A year and a half ago I had to put my big girl pants on, walk across a stage, receive my college diploma, and head back to my hometown with no set plan of what was next. I was afraid. I wasn't ready to return back to a place where my community had dramatically changed over the four years while I was away at college.
Through tears and the terrifying fear of the unknown, I decided I was going to embrace the transition and whatever God had planned for me. Easier said than done. There were lonely days: I no longer had all my closest friends at my convenience to meet up with and grab lunch at a moment's notice. The community I'd invested in for four years was changing and moving away to different parts of the United States to do different things.
As time passed, I settled into a new way of life and things started to look up. I got a job, ended up getting into graduate school, and started to form community back in my hometown.
Through it all, God met me in my weaknesses and in my hardest moments of transition. He was able to take my fear and stretch me in ways that I didn’t know I could be stretched. He was patient with me through my two-year-old tantrum moments, not wanting to lay aside my determination to have my own plan.

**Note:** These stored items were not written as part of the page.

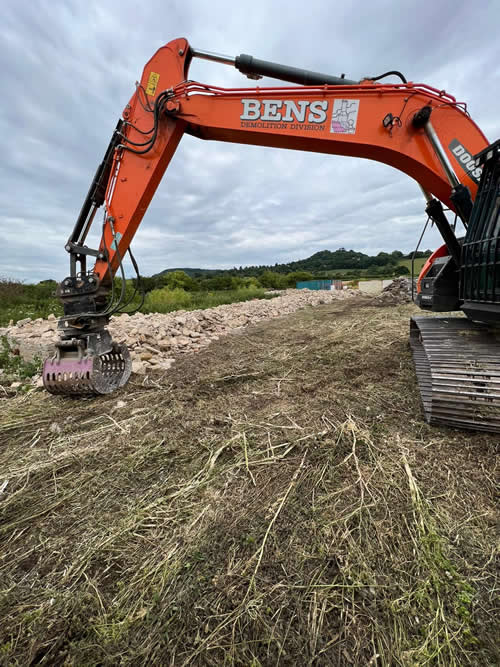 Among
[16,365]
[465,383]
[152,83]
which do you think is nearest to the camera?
[465,383]

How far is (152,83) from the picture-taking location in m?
3.19

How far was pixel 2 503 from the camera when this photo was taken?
174 cm

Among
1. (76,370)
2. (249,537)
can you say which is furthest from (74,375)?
(249,537)

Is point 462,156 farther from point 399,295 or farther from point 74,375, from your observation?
point 399,295

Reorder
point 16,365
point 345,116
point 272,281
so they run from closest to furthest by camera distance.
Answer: point 345,116, point 16,365, point 272,281

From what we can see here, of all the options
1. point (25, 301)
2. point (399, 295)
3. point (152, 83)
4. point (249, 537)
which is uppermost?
point (152, 83)

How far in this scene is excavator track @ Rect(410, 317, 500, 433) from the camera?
204 cm

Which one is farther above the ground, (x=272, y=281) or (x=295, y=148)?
(x=295, y=148)

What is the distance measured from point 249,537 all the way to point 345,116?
11.4 ft

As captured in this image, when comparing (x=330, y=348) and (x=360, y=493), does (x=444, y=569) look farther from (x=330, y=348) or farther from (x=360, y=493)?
(x=330, y=348)

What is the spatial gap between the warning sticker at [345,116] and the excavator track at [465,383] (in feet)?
7.02

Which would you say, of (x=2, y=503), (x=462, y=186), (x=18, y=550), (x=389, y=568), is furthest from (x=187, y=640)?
(x=462, y=186)

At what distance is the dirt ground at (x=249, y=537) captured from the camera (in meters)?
1.06

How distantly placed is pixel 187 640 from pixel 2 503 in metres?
1.35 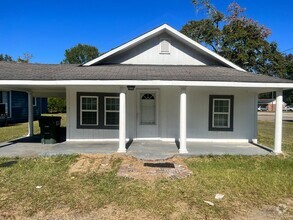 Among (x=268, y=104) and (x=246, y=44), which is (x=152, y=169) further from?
(x=268, y=104)

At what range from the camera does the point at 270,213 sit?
4.42 metres

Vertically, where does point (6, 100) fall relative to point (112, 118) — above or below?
above

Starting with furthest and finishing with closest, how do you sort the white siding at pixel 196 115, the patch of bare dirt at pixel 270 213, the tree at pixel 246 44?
1. the tree at pixel 246 44
2. the white siding at pixel 196 115
3. the patch of bare dirt at pixel 270 213

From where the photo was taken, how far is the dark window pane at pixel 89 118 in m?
11.0

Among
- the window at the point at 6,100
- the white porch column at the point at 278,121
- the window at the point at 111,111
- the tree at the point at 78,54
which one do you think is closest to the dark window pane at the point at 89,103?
the window at the point at 111,111

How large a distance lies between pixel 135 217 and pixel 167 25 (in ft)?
29.4

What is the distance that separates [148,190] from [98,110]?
6210mm

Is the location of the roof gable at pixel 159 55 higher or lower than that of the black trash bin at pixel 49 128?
higher

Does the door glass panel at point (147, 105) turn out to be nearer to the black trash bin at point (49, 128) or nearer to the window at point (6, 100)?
the black trash bin at point (49, 128)

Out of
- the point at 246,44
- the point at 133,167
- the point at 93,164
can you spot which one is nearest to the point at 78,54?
the point at 246,44

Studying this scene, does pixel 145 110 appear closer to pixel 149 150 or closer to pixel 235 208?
pixel 149 150

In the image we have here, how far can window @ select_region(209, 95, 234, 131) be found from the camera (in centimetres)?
1121

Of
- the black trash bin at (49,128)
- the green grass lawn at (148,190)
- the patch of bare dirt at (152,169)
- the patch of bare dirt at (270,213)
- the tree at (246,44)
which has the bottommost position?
the patch of bare dirt at (270,213)

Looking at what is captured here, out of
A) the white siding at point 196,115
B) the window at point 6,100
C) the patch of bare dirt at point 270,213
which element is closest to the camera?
the patch of bare dirt at point 270,213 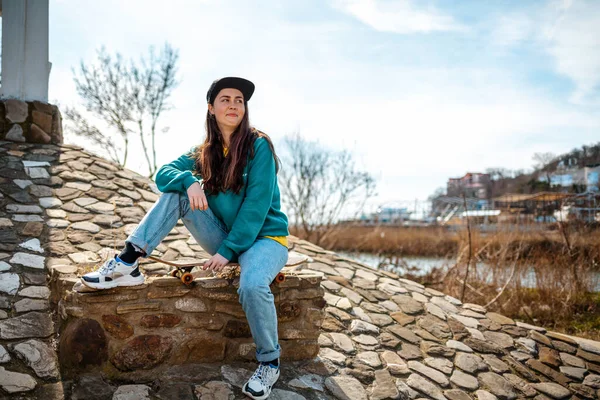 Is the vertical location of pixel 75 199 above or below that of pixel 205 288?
above

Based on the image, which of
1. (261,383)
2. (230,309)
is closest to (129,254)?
(230,309)

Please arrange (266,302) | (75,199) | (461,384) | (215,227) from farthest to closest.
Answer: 1. (75,199)
2. (461,384)
3. (215,227)
4. (266,302)

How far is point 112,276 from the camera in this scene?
7.80 ft

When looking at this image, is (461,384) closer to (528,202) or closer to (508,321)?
(508,321)

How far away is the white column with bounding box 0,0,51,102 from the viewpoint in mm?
5863

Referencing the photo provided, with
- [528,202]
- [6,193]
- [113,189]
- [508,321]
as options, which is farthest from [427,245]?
[6,193]

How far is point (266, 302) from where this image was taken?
2.29 meters

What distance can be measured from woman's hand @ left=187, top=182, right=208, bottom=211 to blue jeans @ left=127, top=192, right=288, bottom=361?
98 millimetres

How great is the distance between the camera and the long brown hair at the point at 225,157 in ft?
8.30

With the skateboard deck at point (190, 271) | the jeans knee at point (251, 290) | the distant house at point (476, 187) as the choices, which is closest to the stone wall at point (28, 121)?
the skateboard deck at point (190, 271)

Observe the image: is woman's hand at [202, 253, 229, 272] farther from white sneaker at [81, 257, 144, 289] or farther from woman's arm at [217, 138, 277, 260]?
white sneaker at [81, 257, 144, 289]

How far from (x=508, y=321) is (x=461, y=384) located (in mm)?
1337

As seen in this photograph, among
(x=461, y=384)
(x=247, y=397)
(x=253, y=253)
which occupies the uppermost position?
(x=253, y=253)

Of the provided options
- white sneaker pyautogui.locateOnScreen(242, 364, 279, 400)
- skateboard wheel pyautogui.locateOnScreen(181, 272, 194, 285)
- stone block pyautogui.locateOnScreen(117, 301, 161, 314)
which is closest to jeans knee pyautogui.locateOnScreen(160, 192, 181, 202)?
skateboard wheel pyautogui.locateOnScreen(181, 272, 194, 285) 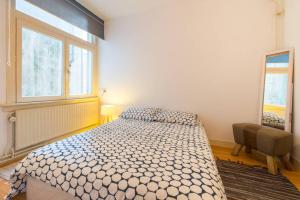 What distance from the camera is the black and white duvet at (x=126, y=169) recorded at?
36.6 inches

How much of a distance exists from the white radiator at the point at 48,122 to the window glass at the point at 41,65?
30cm

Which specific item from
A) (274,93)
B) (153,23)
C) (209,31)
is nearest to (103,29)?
(153,23)

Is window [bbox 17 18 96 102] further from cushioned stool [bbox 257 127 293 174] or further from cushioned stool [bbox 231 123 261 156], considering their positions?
cushioned stool [bbox 257 127 293 174]

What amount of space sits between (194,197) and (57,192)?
973 millimetres

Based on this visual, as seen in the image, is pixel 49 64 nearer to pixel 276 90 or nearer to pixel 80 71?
pixel 80 71

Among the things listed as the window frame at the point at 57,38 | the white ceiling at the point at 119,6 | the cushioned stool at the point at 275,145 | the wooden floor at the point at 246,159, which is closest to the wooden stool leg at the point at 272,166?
the cushioned stool at the point at 275,145

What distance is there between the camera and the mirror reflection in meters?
2.20

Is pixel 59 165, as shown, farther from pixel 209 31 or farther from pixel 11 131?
pixel 209 31

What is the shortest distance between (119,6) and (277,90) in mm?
2955

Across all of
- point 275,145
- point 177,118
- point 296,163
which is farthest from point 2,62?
point 296,163

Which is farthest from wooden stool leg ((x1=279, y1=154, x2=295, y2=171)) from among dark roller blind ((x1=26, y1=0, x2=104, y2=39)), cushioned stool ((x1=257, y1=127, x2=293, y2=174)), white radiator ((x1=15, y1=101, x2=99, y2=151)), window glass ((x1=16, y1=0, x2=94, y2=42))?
window glass ((x1=16, y1=0, x2=94, y2=42))

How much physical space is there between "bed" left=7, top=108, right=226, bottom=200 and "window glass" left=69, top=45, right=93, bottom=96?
5.83ft

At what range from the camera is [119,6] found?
2918 millimetres

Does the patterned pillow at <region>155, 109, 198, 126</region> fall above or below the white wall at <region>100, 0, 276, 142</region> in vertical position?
below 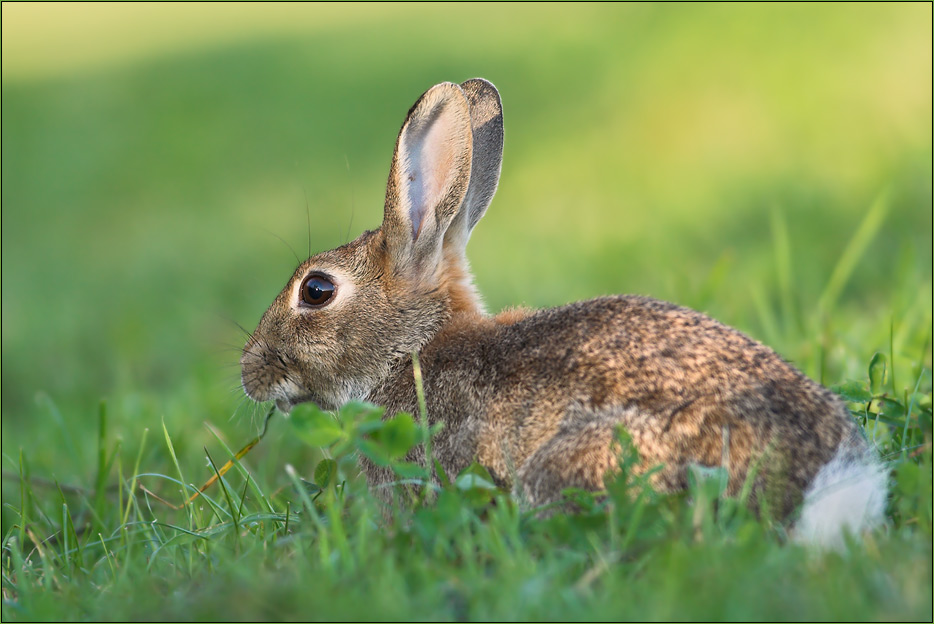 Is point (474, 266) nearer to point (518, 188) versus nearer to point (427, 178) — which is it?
point (518, 188)

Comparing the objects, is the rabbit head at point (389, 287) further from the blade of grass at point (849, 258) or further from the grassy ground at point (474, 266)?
the blade of grass at point (849, 258)

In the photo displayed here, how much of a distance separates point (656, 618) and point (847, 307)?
4819 mm

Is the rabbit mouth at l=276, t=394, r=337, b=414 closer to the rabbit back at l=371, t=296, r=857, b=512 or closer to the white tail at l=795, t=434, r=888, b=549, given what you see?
the rabbit back at l=371, t=296, r=857, b=512

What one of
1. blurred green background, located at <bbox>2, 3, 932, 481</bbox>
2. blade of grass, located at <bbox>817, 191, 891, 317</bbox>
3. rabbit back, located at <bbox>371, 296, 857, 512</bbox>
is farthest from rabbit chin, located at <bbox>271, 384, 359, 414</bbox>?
blade of grass, located at <bbox>817, 191, 891, 317</bbox>

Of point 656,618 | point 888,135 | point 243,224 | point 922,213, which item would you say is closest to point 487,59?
point 243,224

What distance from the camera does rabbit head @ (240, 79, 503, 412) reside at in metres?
4.76

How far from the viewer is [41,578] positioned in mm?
3654

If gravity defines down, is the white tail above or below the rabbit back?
below

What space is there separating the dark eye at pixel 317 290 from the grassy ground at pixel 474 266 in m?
0.80

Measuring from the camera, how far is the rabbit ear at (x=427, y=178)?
4.70 meters

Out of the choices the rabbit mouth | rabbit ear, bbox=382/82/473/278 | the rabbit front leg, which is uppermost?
rabbit ear, bbox=382/82/473/278

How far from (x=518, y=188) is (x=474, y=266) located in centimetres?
300

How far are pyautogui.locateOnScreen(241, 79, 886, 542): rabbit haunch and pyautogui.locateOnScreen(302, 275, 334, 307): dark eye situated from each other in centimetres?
2

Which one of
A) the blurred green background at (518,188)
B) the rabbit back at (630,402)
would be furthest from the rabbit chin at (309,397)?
the rabbit back at (630,402) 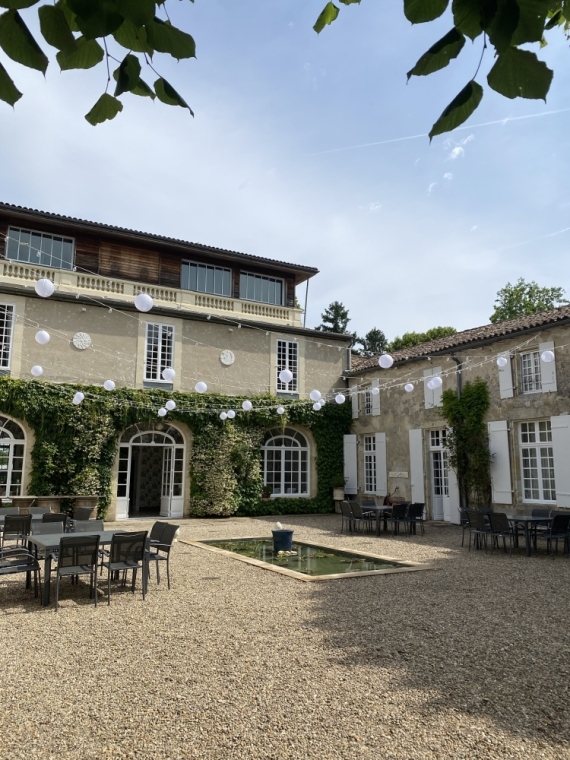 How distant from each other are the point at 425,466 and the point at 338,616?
10658 millimetres

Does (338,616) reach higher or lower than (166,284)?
lower

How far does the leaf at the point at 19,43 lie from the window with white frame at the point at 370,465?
17.2 meters

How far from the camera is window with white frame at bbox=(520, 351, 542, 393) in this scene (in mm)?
13336

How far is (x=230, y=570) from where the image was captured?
26.8 feet

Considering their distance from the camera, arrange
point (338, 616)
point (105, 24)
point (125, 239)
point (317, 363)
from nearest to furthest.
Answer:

There came a point where I knew in my heart and soul that trusting my own plan was going to get me nowhere. Instead, I had to face the reality that my Savior goes before me and provides a way in the messiness of transition. My feeble heart had to be reminded of the Father's faithfulness and that He is worthy of my trust.
I look back on this past year and a half and now I see all the wonderful opportunities God placed in my life. He has provided so much for me through graduate school, old friendships being restored, and bringing me a wonderful community of people who have encouraged me in so many ways. Through all of this, He has revealed to me, once again, that His plans are way better than I could ever fathom.
Sweet friend, I hope that you can embrace the changes and transitions that you are going through. May you be able to trust the God of heaven and earth who holds your heart in the palms of His hands, believing He knows what is best for you.
Transition looks different for everyone and I think that is such a blessing because God is able to bring people and opportunities across all of our paths to encourage us and bring us through life-altering moments. Know that He is consistent and faithful in the changes of life.
May you be able to deeply embrace where He is taking you and flourish through this time of change.
The transition is just a season. I hope that you will be able to look back and see how far God has brought you along your journey, however that may look. He is able to create beauty in the difficulties and the unknowns.
Embrace. Trust. Flourish.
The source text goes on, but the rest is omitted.